Exercise requirements: With the pictures omitted, transcribe each line below exactly as it is.

Data segment:
'''

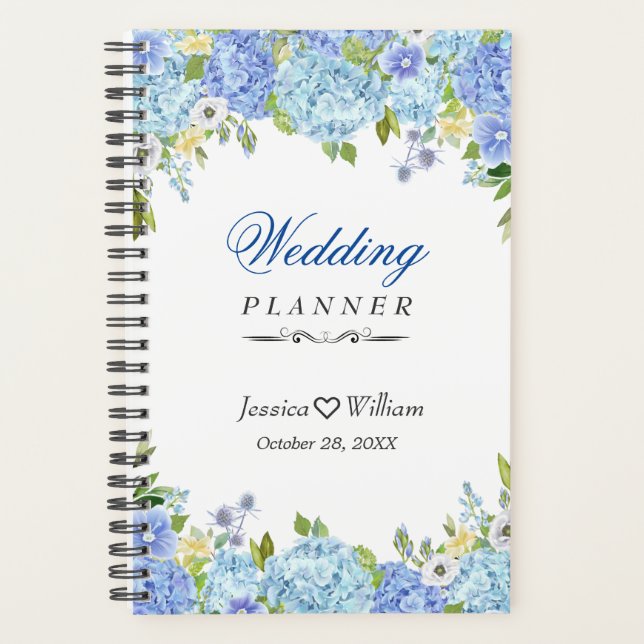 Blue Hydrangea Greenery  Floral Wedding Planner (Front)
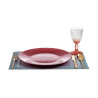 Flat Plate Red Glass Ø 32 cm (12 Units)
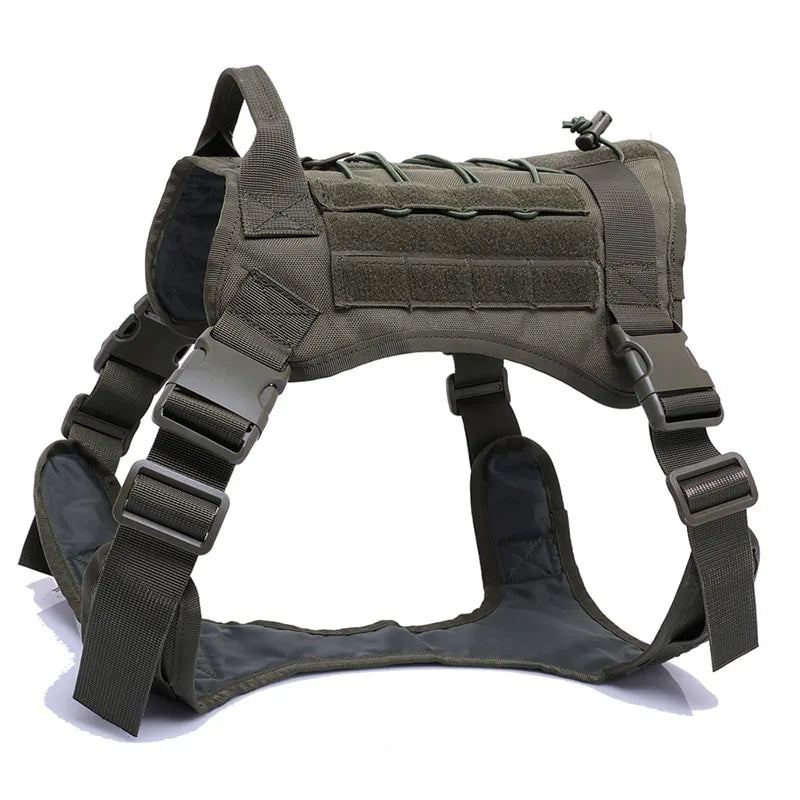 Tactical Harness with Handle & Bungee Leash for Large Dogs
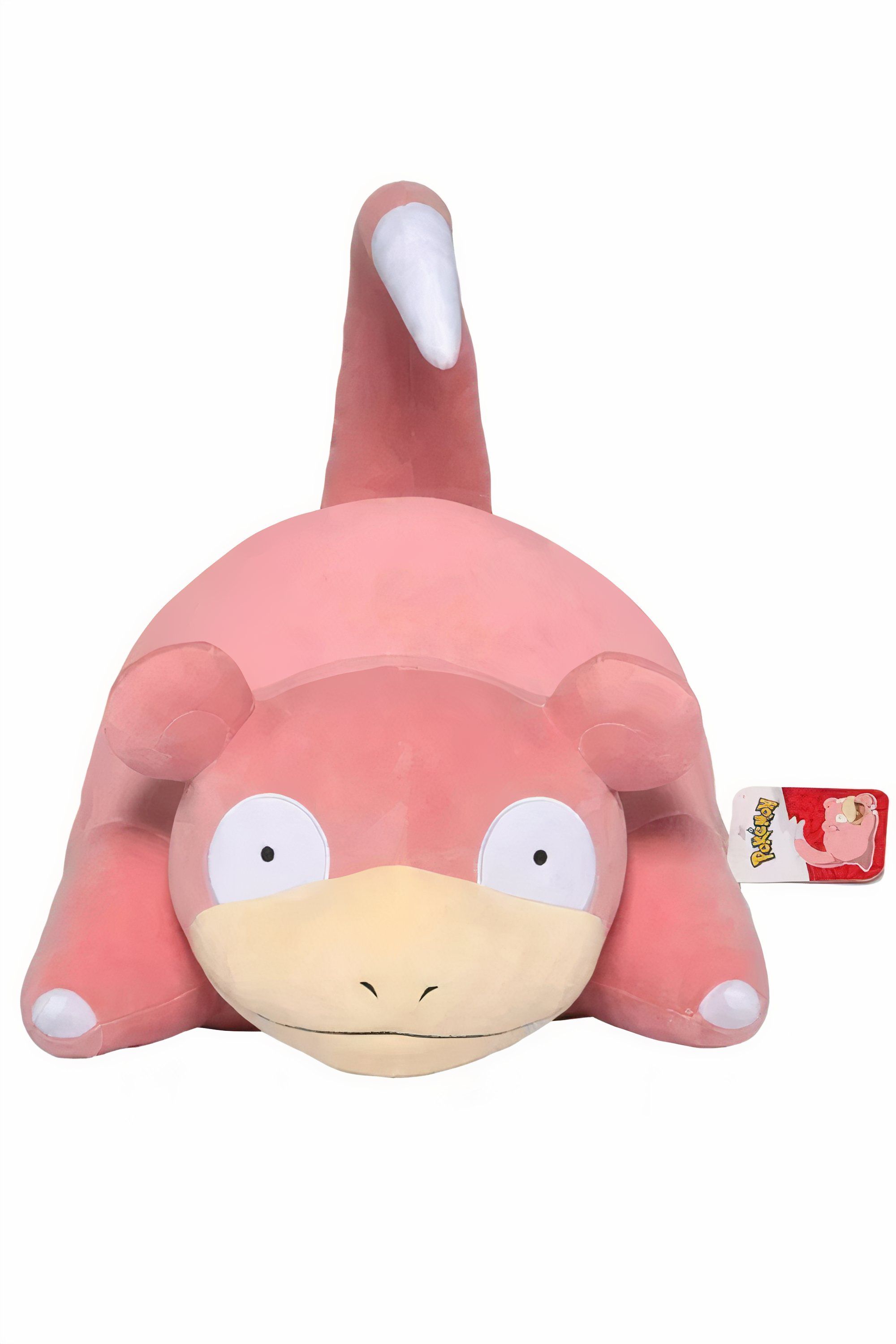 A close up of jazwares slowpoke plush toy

'''

Finished task:
 Blue Hydrangea Greenery  Floral Wedding Planner (Front)
 Flat Plate Red Glass Ø 32 cm (12 Units)
 Tactical Harness with Handle & Bungee Leash for Large Dogs
 A close up of jazwares slowpoke plush toy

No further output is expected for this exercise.